* MATERIAL SUPPLIED *
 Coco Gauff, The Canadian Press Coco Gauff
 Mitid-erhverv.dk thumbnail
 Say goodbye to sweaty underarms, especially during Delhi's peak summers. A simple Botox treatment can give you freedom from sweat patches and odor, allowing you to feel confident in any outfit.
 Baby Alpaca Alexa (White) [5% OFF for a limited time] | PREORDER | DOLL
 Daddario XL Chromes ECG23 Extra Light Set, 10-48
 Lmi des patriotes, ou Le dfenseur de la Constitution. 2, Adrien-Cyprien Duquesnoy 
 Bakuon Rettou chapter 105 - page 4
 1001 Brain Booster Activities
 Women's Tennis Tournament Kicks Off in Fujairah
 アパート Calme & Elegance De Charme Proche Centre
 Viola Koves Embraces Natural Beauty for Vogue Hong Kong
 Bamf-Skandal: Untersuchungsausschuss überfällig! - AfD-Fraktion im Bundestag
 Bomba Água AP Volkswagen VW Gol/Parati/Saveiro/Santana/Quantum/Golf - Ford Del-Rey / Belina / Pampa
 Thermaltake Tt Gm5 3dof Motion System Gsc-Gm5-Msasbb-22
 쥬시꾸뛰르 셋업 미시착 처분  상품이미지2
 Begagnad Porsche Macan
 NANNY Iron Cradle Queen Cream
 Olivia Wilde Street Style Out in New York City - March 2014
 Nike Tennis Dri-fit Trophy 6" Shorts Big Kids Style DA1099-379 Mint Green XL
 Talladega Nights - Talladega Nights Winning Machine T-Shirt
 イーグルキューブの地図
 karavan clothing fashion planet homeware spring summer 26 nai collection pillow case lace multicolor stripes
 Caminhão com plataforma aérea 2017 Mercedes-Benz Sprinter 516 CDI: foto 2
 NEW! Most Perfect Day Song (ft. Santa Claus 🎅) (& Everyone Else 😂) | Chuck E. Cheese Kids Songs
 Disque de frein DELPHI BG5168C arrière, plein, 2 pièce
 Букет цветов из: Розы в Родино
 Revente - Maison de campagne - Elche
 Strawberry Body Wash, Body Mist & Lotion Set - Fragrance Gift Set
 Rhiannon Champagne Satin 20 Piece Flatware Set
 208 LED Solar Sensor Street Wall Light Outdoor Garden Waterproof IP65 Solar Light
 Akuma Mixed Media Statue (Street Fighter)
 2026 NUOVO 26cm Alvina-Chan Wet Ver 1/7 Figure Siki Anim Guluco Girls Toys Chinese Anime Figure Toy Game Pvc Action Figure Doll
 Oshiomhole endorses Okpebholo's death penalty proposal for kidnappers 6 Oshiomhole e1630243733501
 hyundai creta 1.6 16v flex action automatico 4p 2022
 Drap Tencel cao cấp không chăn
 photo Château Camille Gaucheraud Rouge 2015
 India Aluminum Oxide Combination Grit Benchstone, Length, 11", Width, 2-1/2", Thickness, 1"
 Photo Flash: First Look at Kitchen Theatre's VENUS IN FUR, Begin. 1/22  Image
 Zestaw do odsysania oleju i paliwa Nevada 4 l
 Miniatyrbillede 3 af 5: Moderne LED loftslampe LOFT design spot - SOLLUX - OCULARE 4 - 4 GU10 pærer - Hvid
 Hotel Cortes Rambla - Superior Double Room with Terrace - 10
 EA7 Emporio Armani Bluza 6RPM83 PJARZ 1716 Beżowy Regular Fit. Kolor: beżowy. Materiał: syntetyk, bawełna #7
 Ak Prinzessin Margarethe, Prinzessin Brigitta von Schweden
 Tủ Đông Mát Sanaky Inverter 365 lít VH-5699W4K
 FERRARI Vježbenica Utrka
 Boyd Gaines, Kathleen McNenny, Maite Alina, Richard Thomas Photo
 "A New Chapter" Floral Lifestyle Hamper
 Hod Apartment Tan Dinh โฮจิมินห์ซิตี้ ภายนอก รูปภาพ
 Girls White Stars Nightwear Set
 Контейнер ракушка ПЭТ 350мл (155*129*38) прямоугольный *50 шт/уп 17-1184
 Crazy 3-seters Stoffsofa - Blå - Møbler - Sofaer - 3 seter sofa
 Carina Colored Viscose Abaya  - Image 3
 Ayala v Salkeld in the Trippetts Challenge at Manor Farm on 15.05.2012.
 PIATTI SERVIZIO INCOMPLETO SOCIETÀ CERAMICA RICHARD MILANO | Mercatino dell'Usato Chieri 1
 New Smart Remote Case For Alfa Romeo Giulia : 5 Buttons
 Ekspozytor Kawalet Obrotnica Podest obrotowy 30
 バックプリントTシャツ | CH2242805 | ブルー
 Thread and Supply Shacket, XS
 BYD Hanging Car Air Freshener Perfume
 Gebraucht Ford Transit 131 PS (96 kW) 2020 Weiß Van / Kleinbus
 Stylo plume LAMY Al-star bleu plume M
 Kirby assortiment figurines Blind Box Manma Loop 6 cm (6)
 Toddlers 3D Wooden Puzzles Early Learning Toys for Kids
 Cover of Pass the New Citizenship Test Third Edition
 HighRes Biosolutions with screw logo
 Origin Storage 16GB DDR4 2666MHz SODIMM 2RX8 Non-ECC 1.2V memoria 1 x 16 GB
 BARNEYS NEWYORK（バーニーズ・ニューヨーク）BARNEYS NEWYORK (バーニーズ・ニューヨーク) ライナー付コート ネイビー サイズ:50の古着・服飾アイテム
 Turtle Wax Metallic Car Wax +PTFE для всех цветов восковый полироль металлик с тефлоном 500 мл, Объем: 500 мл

* AIM OF THE EXERCISE *
Search the data for "Street" and list every line in which it occurs.

* TASK OUTPUT *
 Olivia Wilde Street Style Out in New York City - March 2014
 208 LED Solar Sensor Street Wall Light Outdoor Garden Waterproof IP65 Solar Light
 Akuma Mixed Media Statue (Street Fighter)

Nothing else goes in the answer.